### [Exercise data]
★ ★ ★ ★ ★ ★ ★

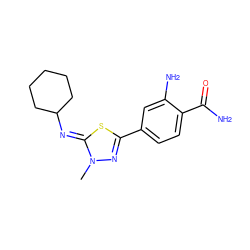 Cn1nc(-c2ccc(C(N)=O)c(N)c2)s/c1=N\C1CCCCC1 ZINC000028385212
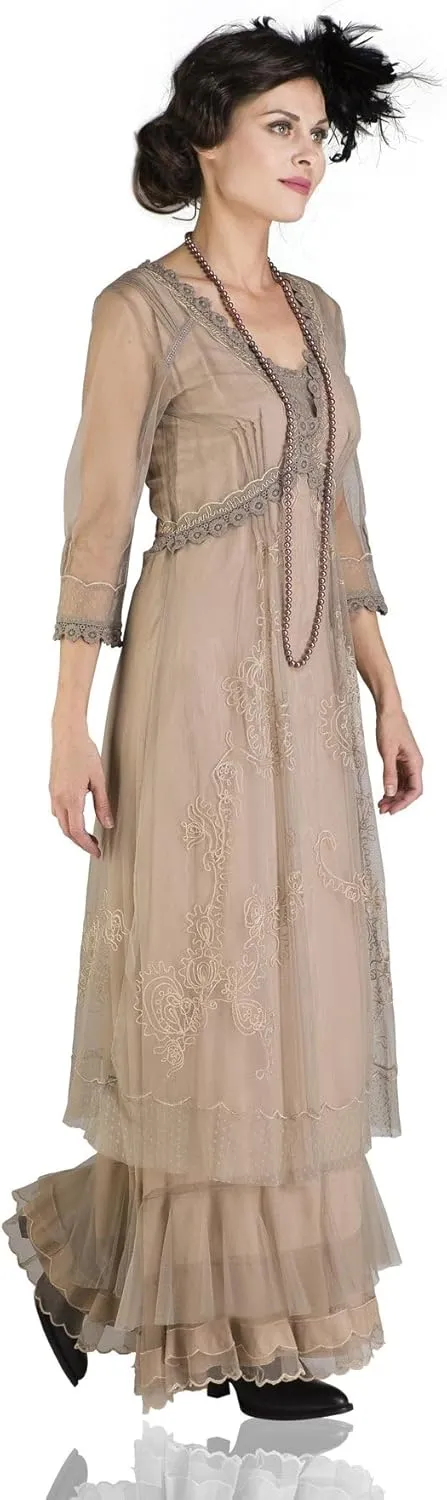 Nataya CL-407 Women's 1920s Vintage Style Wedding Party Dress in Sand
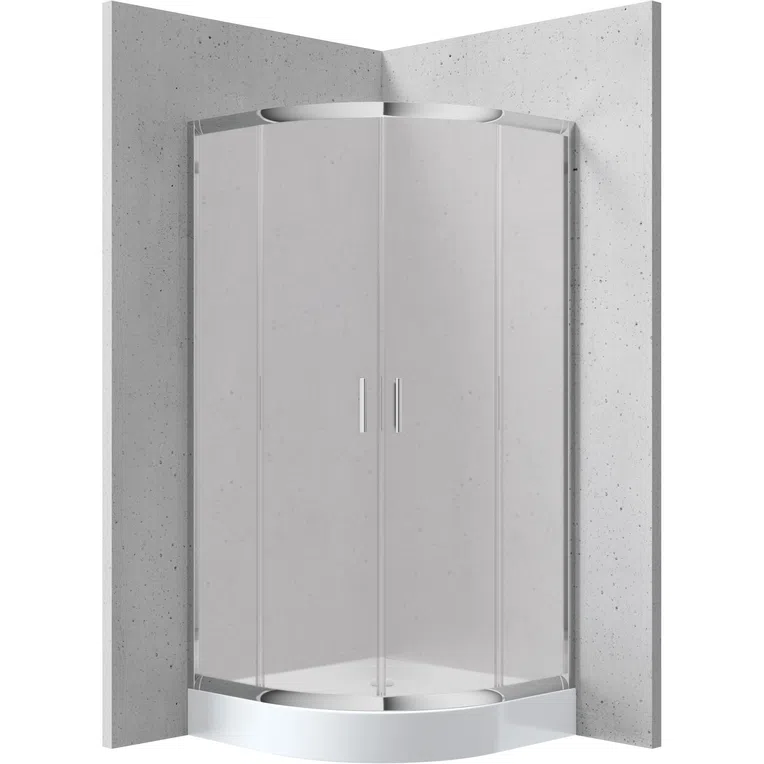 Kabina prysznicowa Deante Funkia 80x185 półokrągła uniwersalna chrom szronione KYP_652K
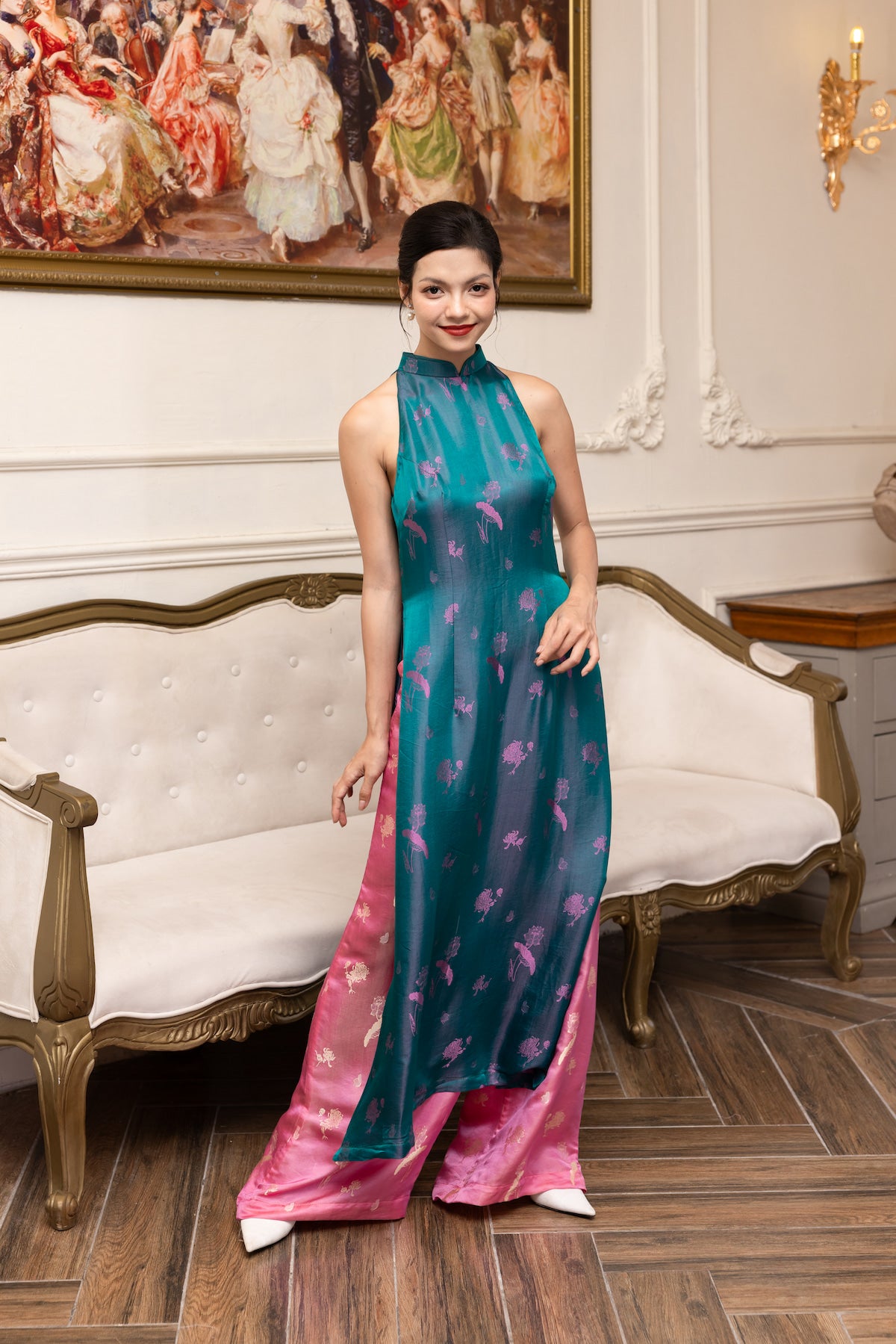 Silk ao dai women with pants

★ ★ ★ ★ ★ ★ ★

### [Task to carry out]
Restate the full listing word for word, excluding images.

### [Task solution]
 Cn1nc(-c2ccc(C(N)=O)c(N)c2)s/c1=N\C1CCCCC1 ZINC000028385212
 Nataya CL-407 Women's 1920s Vintage Style Wedding Party Dress in Sand
 Kabina prysznicowa Deante Funkia 80x185 półokrągła uniwersalna chrom szronione KYP_652K
 Silk ao dai women with pants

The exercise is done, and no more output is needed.